Friday, 23 March 2007

What is STRONG with me?

So i was thinking the other day why my relationships never really last..whats the problem..is it me what am i doing wrong...do i smell? God punish u there for saying maybe...what exactly is it..am not clingy, not high maintenance or materialistic..i no too worwor...so what is the problem? Am not over-dependent,not money hungry..i even like football!!!!

Is it because i dont like sex ? ding ding ding ding ding.......alas i've found the answer.

Okay dont get me wrong it's not like i hate sex, yes i can tolerate the occasional kpanshing like once a month and i like to held and touched and all every now and then,when i feel like it..u cant just come and grab my waist anytime agro is catching u cause i can knee u in the groin.....but sex is a drag...for me sha..

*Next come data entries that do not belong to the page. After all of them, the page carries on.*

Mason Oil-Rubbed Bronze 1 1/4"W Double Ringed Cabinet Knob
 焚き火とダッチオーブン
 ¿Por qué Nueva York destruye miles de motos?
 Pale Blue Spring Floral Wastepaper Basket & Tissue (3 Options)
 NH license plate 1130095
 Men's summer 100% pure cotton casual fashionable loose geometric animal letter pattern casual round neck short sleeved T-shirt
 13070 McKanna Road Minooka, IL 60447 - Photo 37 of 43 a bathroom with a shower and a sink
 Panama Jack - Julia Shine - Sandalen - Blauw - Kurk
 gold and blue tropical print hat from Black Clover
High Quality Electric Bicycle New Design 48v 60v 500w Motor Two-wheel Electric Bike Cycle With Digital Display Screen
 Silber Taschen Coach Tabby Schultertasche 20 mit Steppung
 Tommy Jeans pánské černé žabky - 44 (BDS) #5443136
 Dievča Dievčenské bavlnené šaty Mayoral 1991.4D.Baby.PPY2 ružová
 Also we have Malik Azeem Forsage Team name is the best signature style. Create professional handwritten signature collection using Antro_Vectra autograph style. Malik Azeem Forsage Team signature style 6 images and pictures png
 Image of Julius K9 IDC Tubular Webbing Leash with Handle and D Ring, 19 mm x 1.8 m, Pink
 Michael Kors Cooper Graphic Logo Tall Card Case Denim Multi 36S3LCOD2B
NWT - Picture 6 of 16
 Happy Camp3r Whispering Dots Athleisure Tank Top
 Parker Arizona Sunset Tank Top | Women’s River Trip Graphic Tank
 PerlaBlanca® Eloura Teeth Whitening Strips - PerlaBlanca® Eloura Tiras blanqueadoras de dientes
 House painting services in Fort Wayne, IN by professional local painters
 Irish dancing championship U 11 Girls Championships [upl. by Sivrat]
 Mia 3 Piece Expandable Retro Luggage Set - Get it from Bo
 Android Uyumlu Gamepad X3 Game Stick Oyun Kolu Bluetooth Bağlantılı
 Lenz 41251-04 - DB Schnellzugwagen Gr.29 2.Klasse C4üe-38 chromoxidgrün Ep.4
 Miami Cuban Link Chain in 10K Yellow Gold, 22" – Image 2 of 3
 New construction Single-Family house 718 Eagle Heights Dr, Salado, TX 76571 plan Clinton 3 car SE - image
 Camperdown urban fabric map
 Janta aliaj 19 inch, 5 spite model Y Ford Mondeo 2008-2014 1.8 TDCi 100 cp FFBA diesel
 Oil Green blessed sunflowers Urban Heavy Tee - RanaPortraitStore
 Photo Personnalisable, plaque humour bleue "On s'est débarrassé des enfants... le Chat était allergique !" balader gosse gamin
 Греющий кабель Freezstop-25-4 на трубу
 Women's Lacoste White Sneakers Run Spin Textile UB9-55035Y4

I once told one dude that if we go out we wont have sex and he replied..."what am i going out with u for if i can't have sex with u,do i want to be kissing your cheeks abi is it your face i want to be looking at?, if thats the case ive seen finer faces"Chaineke!!!...no this one no be chineke matter..na chai plus chineke cause chineke no fit carry that kain insult..

I remember the first dude i ever really liked and maybe loved...lets call him bomboi....Now bomboi looks alot like bow-wow thats why anytime i see a bow-wow video i get all tingly inside cause it reminds me of him and i so want to forget him..Now bomboi didnt know he had me in the palm of his hands back then,as in he cud blow air my way and id start shaking..thats how much i liked him..but for the 2 or so years we were wasting our time thinking we were dating i just felt like i was giving my all and bomboi couldnt care less.He had this non-challant attitude to the whole relationship and it just broke my heart...he'd ask me to come over and he'd totally ignore me all thru...hardly calls..excuses excuses excuses...i had to even beg this dude to touch moi..and i dont ever do that....
This one time when i came over...it was clear we were over but i still went around cause i just cant resist seeing him...only for bomboi to leave me downstairs with his friends and go upstairs to gaan put his zoom zoom in one chicks poom poom upstairs...i was downstairs with his friend and he was upstairs doing chooku chooku with this chick o..insult! when i confronted him he was like..he didnt know she'd come over and it was actually his friend who told him to tell me to come...yet again i say Chaineke!!!
I deleted bomboi's number,there's only so much a person can take,even as friends he showed that he didnt send me.

Then there's s.a sexy(4give me simply gorgeous)....hmm hmmm hmmm....he was lust in a 5ft 11 dark skinned body with a personality to match.Two weeks after we started going out i was alreayd saying "i love you"...sometimes ehn i can be daft...of course him he was just in it for some ass.so the whole i love you thing wasn't his cup of zobo....yet again...he had a nice personality,definately not boring..but he did and said somethings that really hurt me and after a while when i realised homeboy wasnt in it for the long run...i carried my size 43 legs and waka-ed..though it hurt me like sege...cause when i told him u berra step up or am out he was like..then be out...and ehn..no make the door jam ur leg on the way out....emi olaide omo baba mi....is ok.i left but i still had feelings for omo boy but i guess he didnt...i still like him though sha..he'll get his..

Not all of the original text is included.